Keywords

1 Introduction and Motivation

In many applications in geodesy some bounds or restrictions on the parameters are known in advance. Truncating the parameter space by formulating this knowledge as inequality constraints often helps to improve the results. One can think of the estimation of non-negative variance components for example or constraints on the power spectral density in the design of decorrelation filters (Roese-Koerner et al. 2012a).

However, besides the process of actually determining a solution of a problem, it is also important to give a measure of its accuracy. In presence of inequality constraints, it is no longer possible to project the uncertainty of the observations to the parameters by applying the law of error propagation. This is, because there is no analytical relationship between observations and parameters. Even if a variance-covariance (VCV) matrix could be obtained, it would not yield a realistic error description, as one has to deal with truncated probability density functions (PDFs).

Up to now, there have been different approaches for a quality description in presence of inequality constraints. For example Liew (1976) proposed to first identify all constraints, which are exactly satisfied (by solving the problem). Afterwards, these constraints are treated as equality constraints, all other constraints are discarded and the VCV matrix of the equality constrained problem is computed. A disadvantage of this method is, that inactive constraints (e.g. constraints, which do not hold with equality) are neglected and do not constrain the confidence region.
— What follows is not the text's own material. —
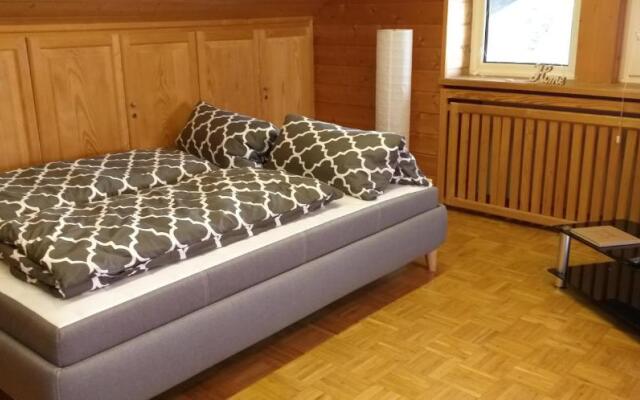 2-Zimmer DG-Apartment mit eigener Sauna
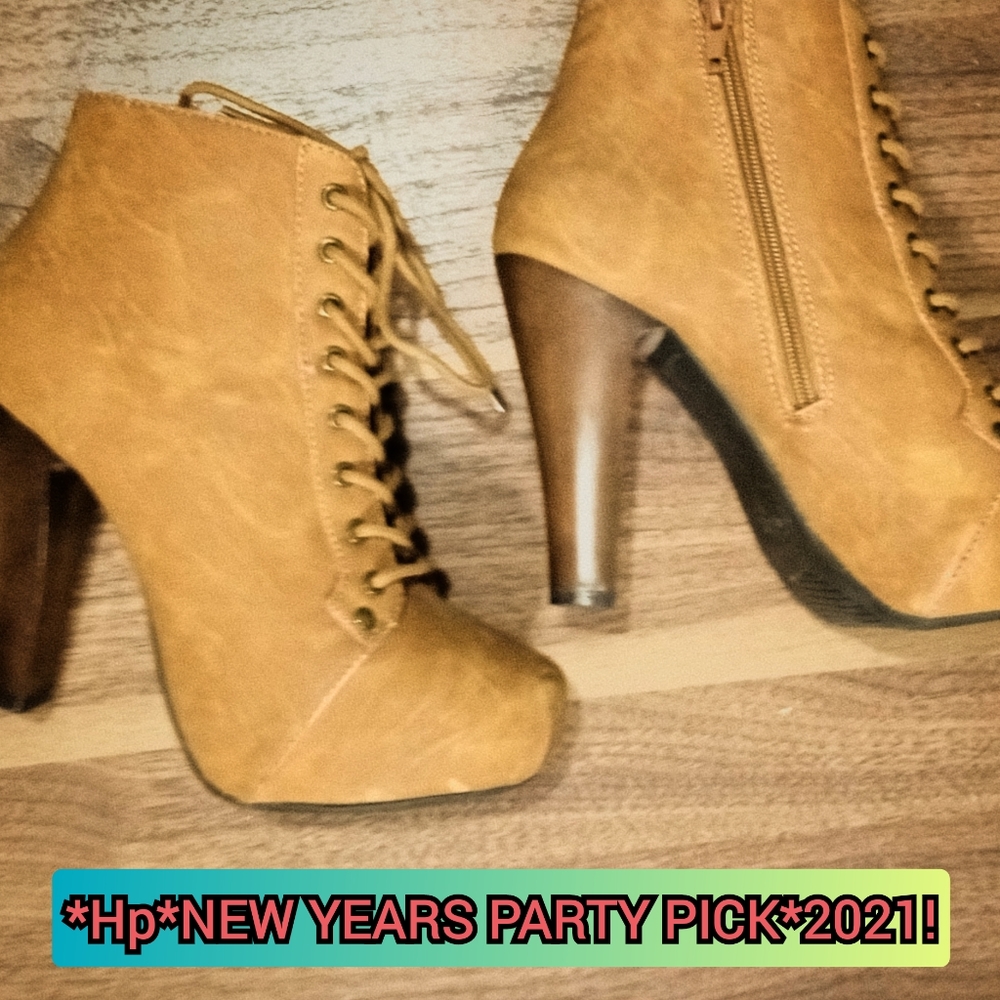 Quipid Chic Tan Lace Up High Heel Boots Sz 7. 5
Geweke (1986) and Zhu et al. (2005) treated inequalities as prior information in a Bayesian sense and truncated the probability density functions. To obtain a valid PDF, the function has to be scaled, which could be thought of as distributing the probability mass in the infeasible region over the whole function, which might be not realistic. Furthermore, the numerical evaluation of the PDF is computationally expensive in the multivariate case.

In this paper, we aim at giving a quality description for Inequality Constrained Least-Squares (ICLS) problems using Monte Carlo methods. In contrast to the idea of scaling, we want to obtain a PDF of the estimated parameters, which is identical to the PDF of an Ordinary Least-Squares (OLS) estimate inside the feasible region and where all probability mass in the infeasible region is projected onto its boundaries.
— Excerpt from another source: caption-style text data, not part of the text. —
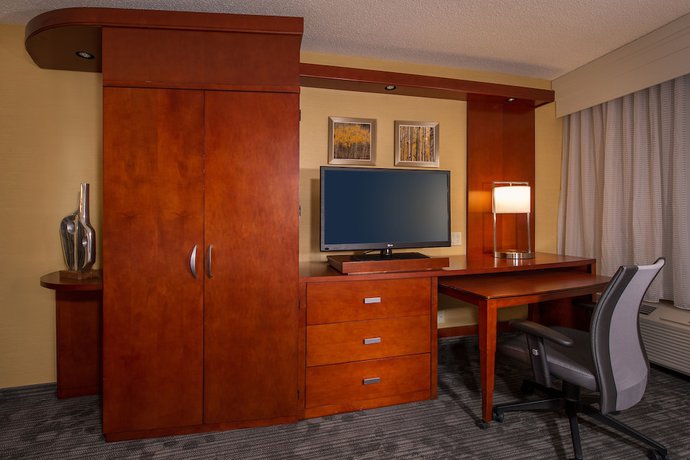 Imagen de la habitación del Hotel Courtyard by Marriott Toronto Markham. Foto 10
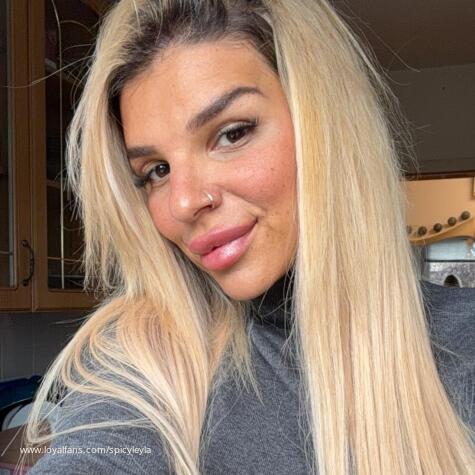 SpicyLeyla avatar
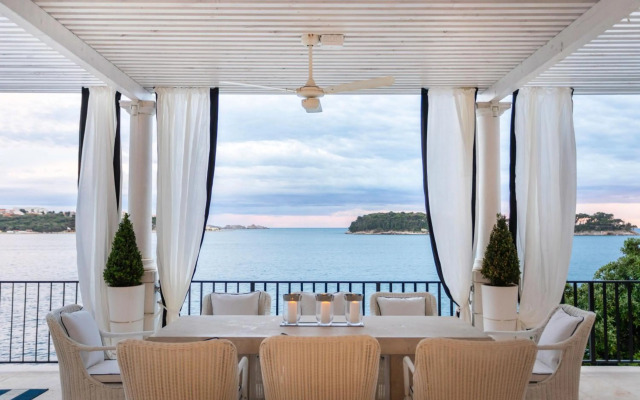 Villa Mey's Place On The Beach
The paper is organized as follows. In Sect. 2 we define the ICLS problem and provide references on several solvers. Our proposed method is described in Sect. 3, as is the derivation of confidence regions and a brief description of a sensitivity analysis for the constraints. In Sect. 4 a case study is carried out to illustrate the application of our approach. The insights that have been gained are summarized in Sect. 5.

2 Background

First, the well-known linear OLS estimation model is extended to a linear ICLS estimation. We assume a deterministic model of the form

$$\displaystyle\begin{array}{rcl} \mathbf{y} + \mathbf{v} = \mathbf{Ax},& &{}\end{array}$$
(1)

with vector of observations y, vector of residuals v, (n × m) design matrix A and vector of unknown parameters x. n is the number of observations, m the number of parameters. The design matrix is assumed to have full rank m and all quantities are assumed to be real valued. The (possibly fully populated) VCV matrix Q of the observations is assumed to be known. The aim is to minimize the quadratic form

$$\displaystyle\begin{array}{rcl} \varPhi (\mathbf{x}) = \mathbf{v}^{T}\mathbf{Q}^{-1}\mathbf{v}.& &{}\end{array}$$
(2)

Clearly, this aim can be achieved, by applying the usual OLS estimator

$$\displaystyle\begin{array}{rcl} \hat{\mathbf{x}} = (\mathbf{A}^{T}\mathbf{Q}^{-1}\mathbf{A})^{-1}\mathbf{A}^{T}\mathbf{Q}^{-1}\mathbf{y}.& &{}\end{array}$$
(3)

Throughout this paper, symbols marked with a hat refer to unconstrained quantities whereas tildes refer to quantities of a constrained solution.

We now introduce p inequality constraints in a matrix vector notation:

$$\displaystyle\begin{array}{rcl} \mathbf{B}^{T}\mathbf{x} \leq \mathbf{b}.& &{}\end{array}$$
(4)

B is a (m × p) matrix of constraints and b the corresponding right-hand side. As it is not known in advance which constraints will lead to changes in the parameters (i.d. are exactly satisfied or “active”) the usual techniques of equality constrained estimation can not be applied. However, many algorithms have been developed to solve such an ICLS problem of the form

$$\displaystyle\begin{array}{rcl} & & \mathrm{minimize}\ \quad \varPhi (\mathbf{x}) = \mathbf{v}^{T}\mathbf{Q}^{-1}\mathbf{v}{}\end{array}$$
(5a)
$$\displaystyle\begin{array}{rcl}& & \mathrm{subject\ to}\ \quad \mathbf{B}^{T}\mathbf{x} \leq \mathbf{b} {}\end{array}$$
(5b)

(which is often referred to as Quadratic Program (QP) as we want to minimize a quadratic objective function Φ(x) with respect to some linear constraints). Most of the solvers can be subdivided into two classes: Simplex Methods and Interior Point Methods.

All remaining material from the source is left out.